Sort of- it’s JM’s prose: ‘After dinner, I go to the lagoon. He comes with me. There’s a raft that I built, I like to lie there in the darkness, where my thoughts are more intense because they seem to be taking place on board a dock that has broken off and floated out to sea. But Noonan prefers the water itself. The stars tilt and wobble on the surface when we enter. It rolls in folds like the back of a dog’s neck. And as we circle each other, our feet skimming the murky bottom, our legs beat languidly and the water slips through our fingers in endless sheets of silk. The lagoon isn’t large, but it’s enormous in the night, like a lake on the surface of the moon.’
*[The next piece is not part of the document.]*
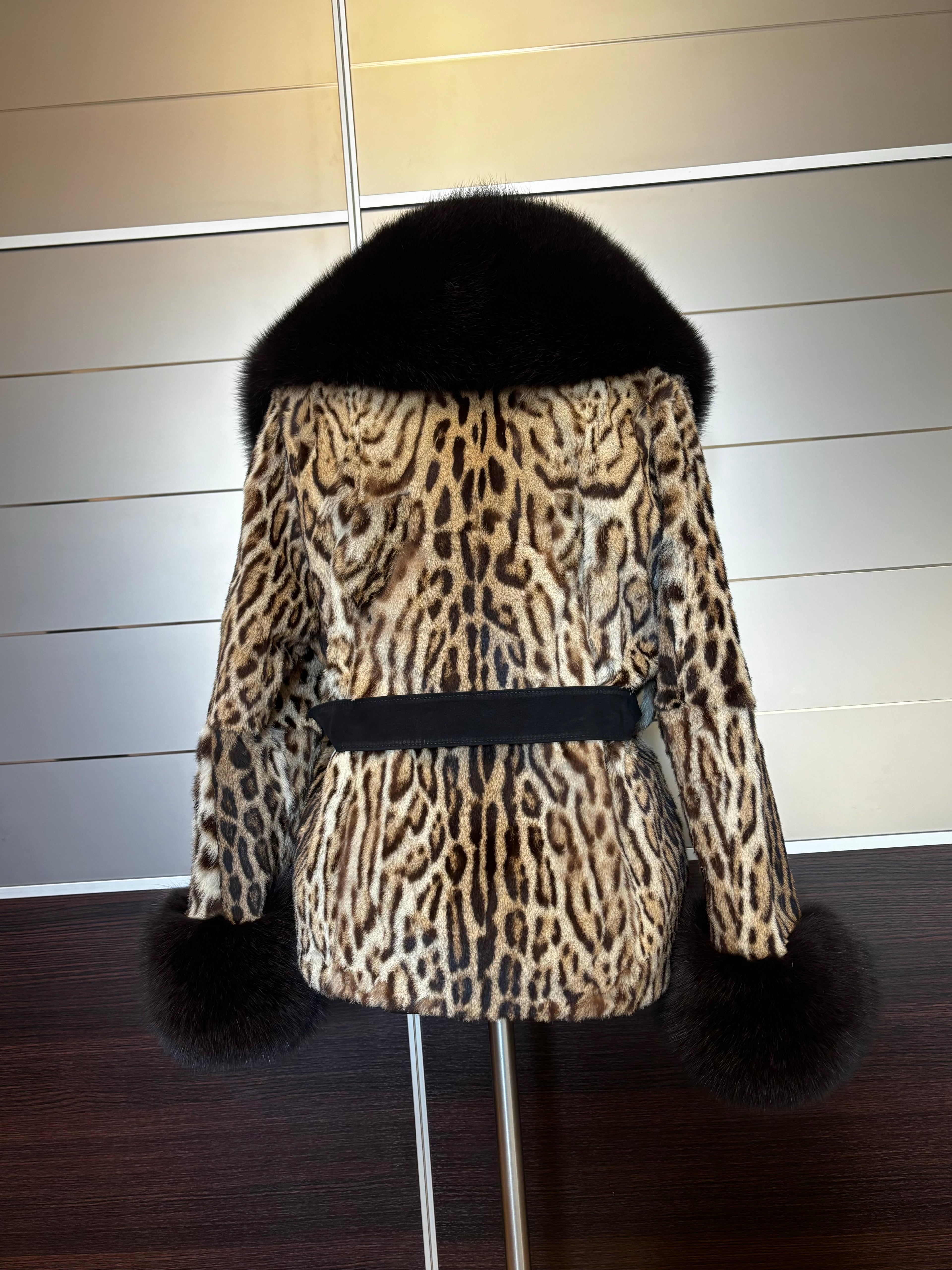 Giacca in ocelot e volpe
It makes you appreciate the simplicity of a phrase like ‘Hammer time!’ to describe a similar act, no? Cardboard caricatures, a thin plot that convolutes, nonetheless, and ‘depth’ like the above. Yet, this book was a bestseller- why? Blame shock jock Don Imus for plugging the book for weeks in the late 90s, after his wife liked it. As if it were not bad enough that cultural and literary assassins like Oprah Winfrey and Larry King had enough power, but Don Imus? Or, rather, his wife? It should come as no surprise to you, then, when I tell you that according to my wife JM’s next novella, Innocence, featured the storyline of possible tampon tea, as a subtext. I guess, therefore, the fact that JM is only capable of novella length pieces should be seen as a boon.
How such a book about such a vivid character, with such an adventurous
life, could be rendered so stale and lacking in drama, is a testament to the
boundless inability of JM’s prose. Here, for instance, Amelia reveals that,
despite her years of experience, and told from after death (when she’d
presumably be able to rise above her intellectual station), she has all the
depth and insight of a twelve year old pondering the meaning of the first onset
of menses: ‘When I was very young, six or seven, I already wanted to die. I already
had the dream. I wanted to escape, to go higher, to leave my body, and this made
me seem ambitious, greedy for life. When I was young, people hated my
greediness, but they enjoyed it too. A little girl filled with desire is a
beautiful sight, ugly, but very beautiful...Sometimes I remember the life I used
to live, and it feels impossibly far away...Whether life is more real than
death, I don’t know.’
Fantasy as depression-inducing. To the reader, not Amelia, who apparently was lobotomized by hitting her head when they first crashed on Heaven. Therefore, she revels in her sexy self, feeling a ‘cascade of passion’ for Noonan, who returns her devotion by watching ‘the breath flow in and out of my nostrils, with a concentration that he had not devoted to anything since he had tried to watch a flower grow when he was a child. When I woke up he was able to tell me all about my dreams.’ More likely he was entranced by a piece of dried snot tenuously clinging to a nostril hair. Still….JM manages to wholly neuter a feminist icon- a notable achievement, especially since that neutering is simultaneous to declaring her a New Age icon, one in search of ceaseless knowledge, even as each step toward it mangles both the characters’ and readers’ gray matter.In closing, I think Howard Stern was right- Don Imus should be shot, and Jane Mendelsohn sexually assaulted (note the gentility) by Cossacks. Perhaps then she could feel the pain she gave me. Cue the bodice. Sing, Elmer, sing!